Die Schlacht um den EU-Deal geht weiter. Der Bundesrat um Aussenminister Ignazio Cassis (64) hat die Parteien, Verbände und Privatpersonen im Rahmen der Vernehmlassung um ihre Meinung zum EU-Deal gebeten. Das sind die wichtigsten Fragen und Antworten.

Warum heisst das Paket jetzt «Bilaterale III»?

Lange Zeit wollte insbesondere die Europäische Union nicht, dass die Schweiz von den «Bilateralen» sprach. Doch an der Medienkonferenz nannte Cassis das Paket explizit so. In der Vernehmlassung sei dies von einzelnen Parteien gewünscht worden, und viele Teilnehmer hätten diesen Begriff benutzt. Es bestünden zudem viele Ähnlichkeiten zu den Bilateralen I und II.

Wichtig dürfte gerade für die Befürworter aber auch sein: Der Begriff ist in der Schweiz tendenziell positiv besetzt. Die Umbenennung könnte daher helfen, den Vertrag beim Volk durchzubringen.

Was ändert sich mit dem heutigen Bundesratsentscheid?

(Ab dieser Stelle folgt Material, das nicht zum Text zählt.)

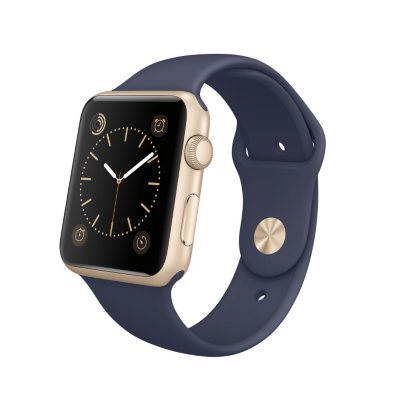 Apple Watch Sport Series 1- 42mm Gold Aluminum Case - Midnight Blue ...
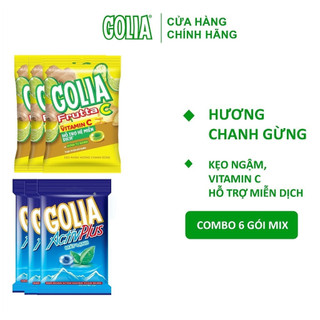 Combo 6 Kẹo cứng Golia nhiều hương dạng gói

Nicht viel. Nun zieht er eine erste, positive Bilanz. Eine Mehrheit befürworte den Deal. Dennoch will er Anpassungen machen. Das sind die fünf wichtigsten Punkte:

  • Beim Lohnschutz gibt es Krach. Die Gewerkschaften und Arbeitgeber hatten 13 Massnahmen vereinbart, um den Lohnschutz zu stärken. Der Bundesrat hatte noch eine 14. Massnahme hinzugefügt, um den Gewerkschaften entgegenzukommen. Doch in der Vernehmlassung fiel dieser Punkt durch, der Bundesrat will ihn aber trotzdem drin haben. Nun soll Wirtschaftsminister Guy Parmelin weitere Gespräche führen, um einen Kompromiss zu finden.
  • Bei der Schutzklausel, mit der die Schweiz die Zuwanderung vorübergehend einschränken kann, sollen die Kantone stärker einbezogen werden. Denn die Schutzmassnahmen können regional unterschiedlich sein.
  • Unis und Fachhochschulen bekommen mehr Geld. Sie müssen mit dem Abkommen die Studiengebühren für Ausländer mit dem EU-Deal senken. Dafür werden sie vom Bund entschädigt.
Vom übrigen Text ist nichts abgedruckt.